What you describe I've seen with a multitude of races, so you really can't go wrong.


----------



## Vrynn~ (Apr 23, 2016)

Prometheus_Fox said:


> I think it should be one you have a bit of a connection with.
> Like spiritually, maybe a childhood pet...
> 
> What you describe I've seen with a multitude of races, so you really can't go wrong.


mm yeah I understand and I'm not really asking for someone to choose for me but more like I'm asking for some ideas on different species, for instance I've already thought of maybe either a dog or a fox, but from personal experiences getting other's opinions on this stuff can never hurt. That said I do plan on only picking one I like (for instance I wouldn't pick something I felt didn't fit my fursona even if I got a million replies saying it should be this species). Oh and thanks a tone fr your reply


----------



## Toby_Morpheus (Apr 23, 2016)

Vrynn~ said:


> mm yeah I understand and I'm not really asking for someone to choose for me but more like I'm asking for some ideas on different species, for instance I've already thought of maybe either a dog or a fox, but from personal experiences getting other's opinions on this stuff can never hurt. That said I do plan on only picking one I like (for instance I wouldn't pick something I felt didn't fit my fursona even if I got a million replies saying it should be this species). Oh and thanks a tone fr your reply


Well...
I guess rabbit is a popular choice for traps/feminine male sonas.


----------



## Azrion/Zhalo (Apr 23, 2016)

As long as you aren't a canine, it's alright to me. Or a human. I hate those too.


----------



## RosetheCrux (Apr 23, 2016)

You're species doesn't necessarily have to match the personality. Like, I personally enjoy furries that are completely opposite of their stereotypes lol

But I can offer some suggestions that come to mind when I think of you're sona:
-Rabbit
-Fennec Fox 
-Deer
-Lynx
-Sheep
-Bat
-Dragon


----------



## Vrynn~ (Apr 23, 2016)

Prometheus_Fox said:


> You're species doesn't necessarily have to match the personality. Like, I personally enjoy furries that are completely opposite of their stereotypes lol
> 
> But I can offer some suggestions that come to mind when I think of you're sona:
> -Rabbit
> ...


Thank you very much I'll keep them in mind, the fennec fox, deer, lynx, rabbit, and sheep sound especially appealing to me. Thank you so much


----------



## RosetheCrux (Apr 23, 2016)

Vrynn~ said:


> Thank you very much I'll keep them in mind, the fennec fox, deer, lynx, rabbit, and sheep sound especially appealing to me. Thank you so much


No problem! Sheep are my personal favorite on this list, but that's because one of my fursonas is a sheep hehe


----------



## Vrynn~ (Apr 23, 2016)

RosetheCrux said:


> No problem! Sheep are my personal favorite on this list, but that's because one of my fursonas is a sheep hehe


hehe I can understand why they're adorable plus the wool could be used for a sort of natural clothing, though since mine is a trap I probably wouldn't really want that


----------



## Azrion/Zhalo (Apr 23, 2016)

*sits in a corner*


----------



## Vrynn~ (Apr 23, 2016)

Azrion/Zhalo said:


> *sits in a corner*


hmm is there a species you'd like to suggest? or just curious as to what I'd decide?


----------



## Azrion/Zhalo (Apr 23, 2016)

Are you a soul searching for a body to live with?


----------



## Vrynn~ (Apr 23, 2016)

Azrion/Zhalo said:


> Are you a soul searching for a body to live with?

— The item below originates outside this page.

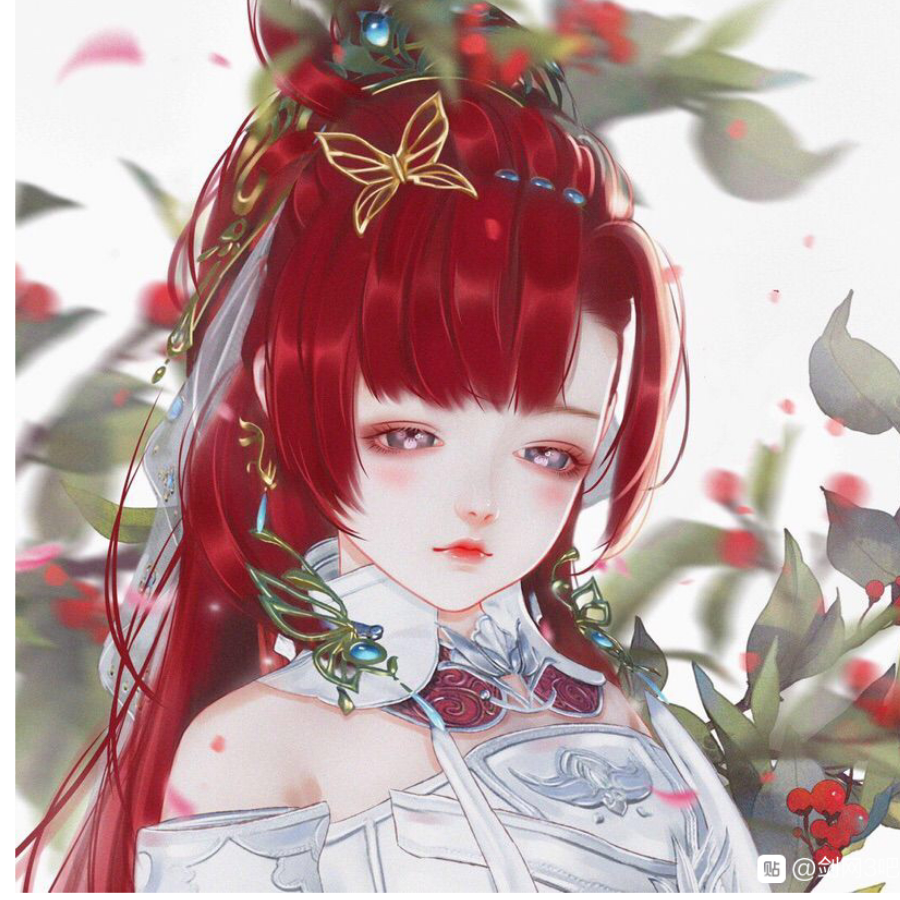 风和月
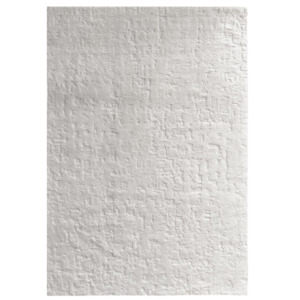 Rugs: Hobbiton Wool Rug - 160x230cm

... I'll be honest I have absolutely no idea what you're talking about sorry


----------



## Azrion/Zhalo (Apr 23, 2016)

*continues to sit in corner*


----------



## Toby_Morpheus (Apr 23, 2016)

Azrion/Zhalo said:


> *continues to sit in corner*


It would be a bit more useful to explain yourself a bit better than to pout in a corner.


----------



## Azrion/Zhalo (Apr 23, 2016)

Ey. I'll stay in this corner and listen.


----------



## Toby_Morpheus (Apr 23, 2016)

Azrion/Zhalo said:


> Ey. I'll stay in this corner and listen.


*shrug
Suit yourself


----------



## Vrynn~ (Apr 23, 2016)

Azrion/Zhalo said:


> Ey. I'll stay in this corner and listen.

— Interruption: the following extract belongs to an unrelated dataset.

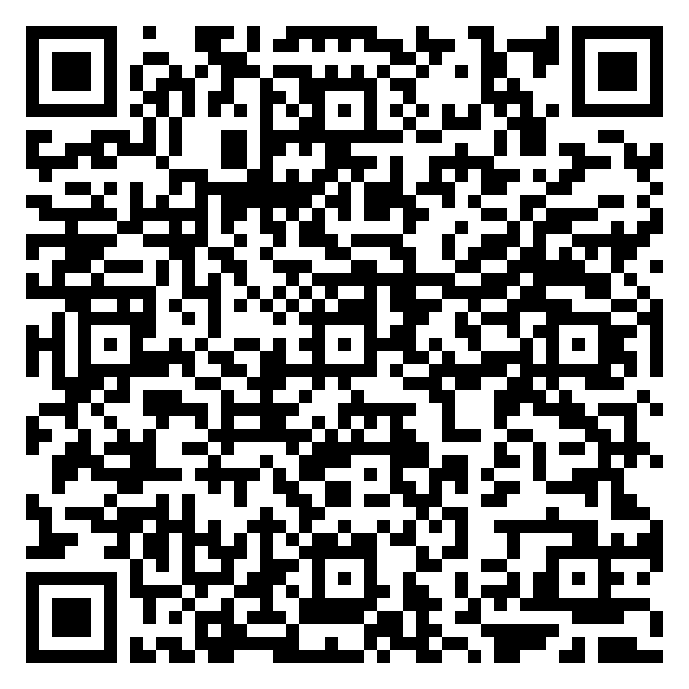 kod QR z danymi kontaktowymi 52811229100000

mmm it makes me a little sad but ok, feel free to join in anytime


----------



## shapeless0ne (Apr 24, 2016)

Vrynn~ said:


> Hello everyone I'm Vrynn~, I'm new here like as in so new that as of right now the site still says I'm the most recent member, but anyway I want to make a fursona for myself and I'm kind of running into a little bit of trouble...
> 
> Basically I've already got the general details about the fursona's personality in mind, but I can't seem to come up with what I want my fursona's species to be, so I was wondering if you all would like to help by telling me what species you think works best with the personality k? Ah before I explain the personality I want to mention that I have decided that I want my fursona to be a mammal
> 
> ...


aww, I was thinking you'd make an lovely lizard, or raptor.


----------



## shapeless0ne (Apr 24, 2016)

anyway, I think you should go: hawk, snake, house cat, or maybe crocodile.


----------



## Azrion/Zhalo (Apr 24, 2016)

*goes to sit on the couch*


----------



## Strangeguy32000 (Apr 24, 2016)

What about a crux?


----------



## Simo (Apr 24, 2016)

A red panda might work here, or maybe even a ring-tailed mongoose.


----------



## Vrynn~ (Apr 24, 2016)

shapeless0ne said:


> anyway, I think you should go: hawk, snake, house cat, or maybe crocodile.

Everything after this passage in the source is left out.